Mark Bellhorn hit the ball down the right–field line, and Boston manager Terry Francona couldn't bear to look.
The ball kept going, out toward Pesky's Pole before it clanked off the screen for a two–run homer in the eighth inning, giving the Red Sox an 11–9 win over the St. Louis Cardinals in a World Series opener that had been spinning out of control.
At first, Bellhorn had no idea whether the ball would stay fair.
"I hit it pretty good, but depends on which way the wind was blowing," he said. "The wind was blowing pretty hard."
It was a raw autumn night, with the wind blowing from left to right at about 30 mph.

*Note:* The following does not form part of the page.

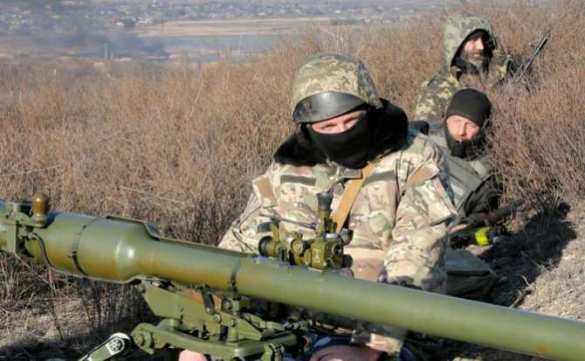 Украинская армия «вызывает огонь на себя» | Русская весна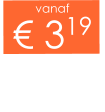 vanaf € 319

Boston had been ahead 7–2 early, but it was 9–9 in the bottom of the eighth. The Red Sox were on the verge of becoming the first team to take a five–run lead in Game 1 and lose.

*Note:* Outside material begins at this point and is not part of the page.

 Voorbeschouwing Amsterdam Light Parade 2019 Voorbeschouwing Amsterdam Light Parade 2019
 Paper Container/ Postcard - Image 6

Leading off, Jason Varitek reached on Edgar Renteria's error on a ball deep into the shortstop hole. Then up came Bellhorn, fresh off his heroics in the American League championship series.
Four nights earlier at Yankee Stadium, his opposite–field, three–run shot down the left–field line sent the Red Sox on to a 4–2 victory that tied the series 3–3. Then he homered again in the 10–3, pennant–clinching win the next night, also off the foul pole in right.
Against St. Louis reliever Julian Tavarez, Bellhorn took a strike and then fouled off a pitch down the right–field line.
"I thought I hit the first one" out, Bellhorn said, "and it kind of blew pretty hard to the right."
Bellhorn took the third pitch for a ball, then he pulled another one down the right–field line – and the 35,035 fans at Fenway Park watched and waited.
"The first ball he hit I thought was a home run off the bat, and it went so far foul I was afraid to even get up and get excited on the second one," Francona said. "The first one ended up 50 feet foul."
Right fielder Larry Walker went into the corner. The ball hit the pole and bounced back to the field behind him.
"If the pole wasn't there and if the stands went in about 50 more feet, I would have caught it," Walker said.
It was a mirror image of Carlton Fisk's famous World Series shot off the left–field pole that won Game 6 against Cincinnati in 1975.
"The playoffs are a weird game," Manny Ramirez said. "Anyone out there can be the hero."
Bellhorn had struck out 177 times during the regular season, a Boston record, and was just 1–for–14 in the first four games against the Yankees.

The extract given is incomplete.